▶ MATERIAL SHOWN:
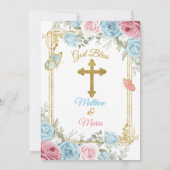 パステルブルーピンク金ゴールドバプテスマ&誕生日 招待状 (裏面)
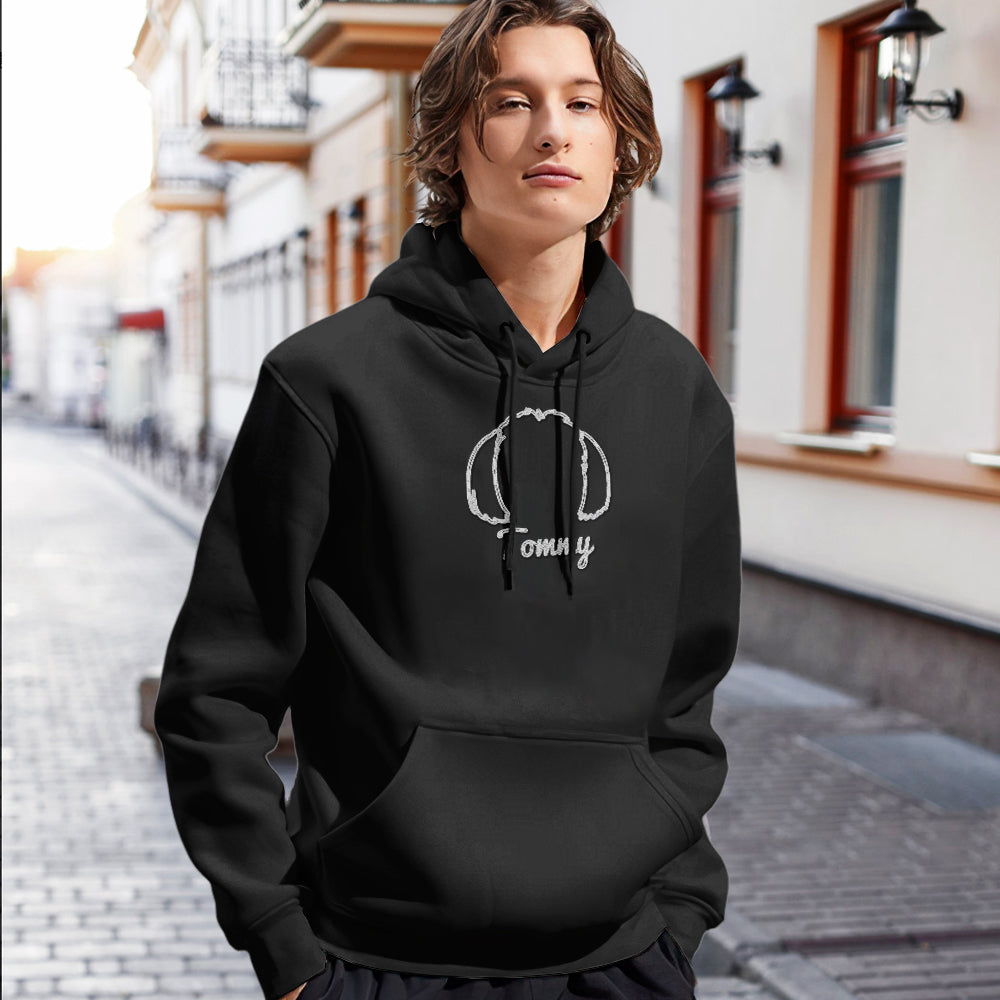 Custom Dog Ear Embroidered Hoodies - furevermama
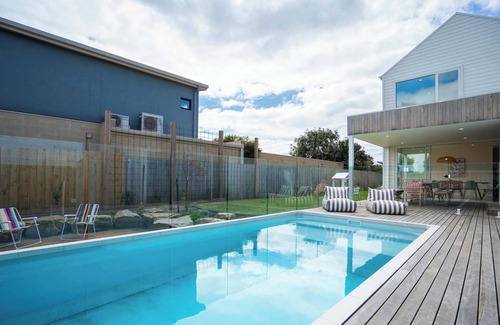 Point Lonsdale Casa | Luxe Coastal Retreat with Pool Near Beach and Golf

==

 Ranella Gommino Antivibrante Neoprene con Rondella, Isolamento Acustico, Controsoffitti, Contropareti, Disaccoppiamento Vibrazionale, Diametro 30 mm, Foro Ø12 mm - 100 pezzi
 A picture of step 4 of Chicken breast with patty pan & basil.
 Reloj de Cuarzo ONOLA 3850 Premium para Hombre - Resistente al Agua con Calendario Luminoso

* * *

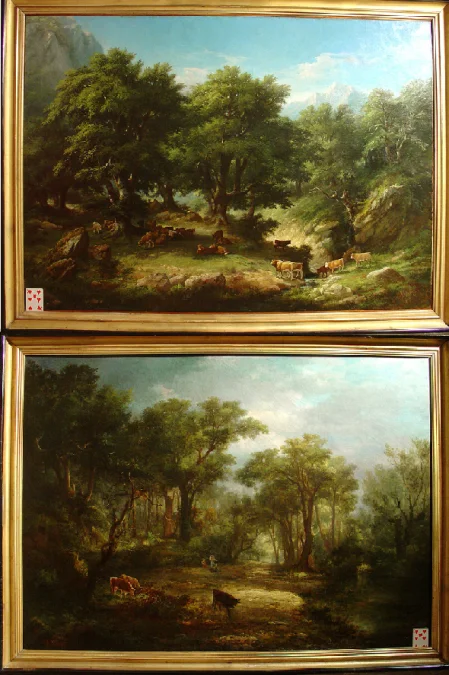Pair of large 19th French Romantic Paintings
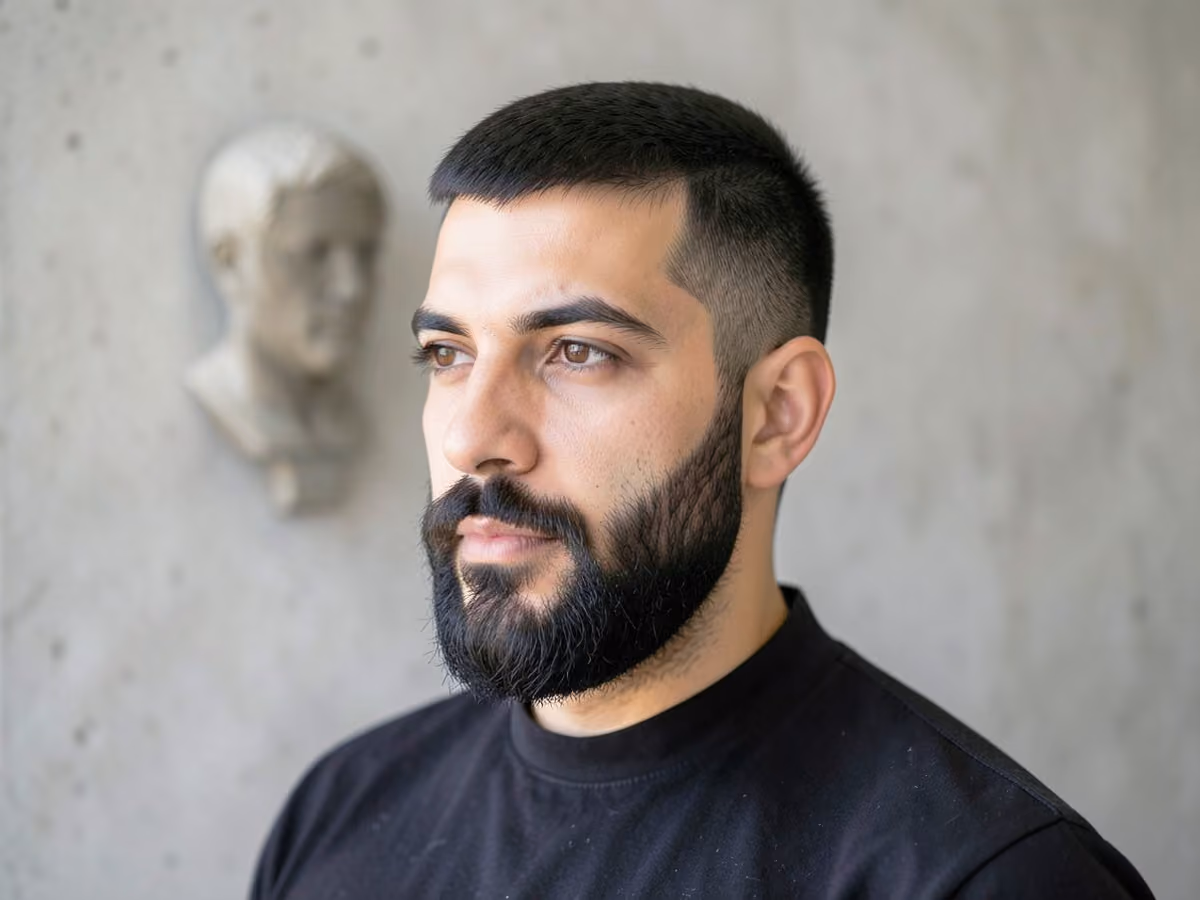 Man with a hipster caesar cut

▶ TASK TO CARRY OUT:
Going back to the entries above, set down exactly the lines that begin at the one with "A picture of" and end at the one with "Reloj de Cuarzo", both included, and nothing else.

▶ SOLUTION TO THIS PROBLEM:
 A picture of step 4 of Chicken breast with patty pan & basil.
 Reloj de Cuarzo ONOLA 3850 Premium para Hombre - Resistente al Agua con Calendario Luminoso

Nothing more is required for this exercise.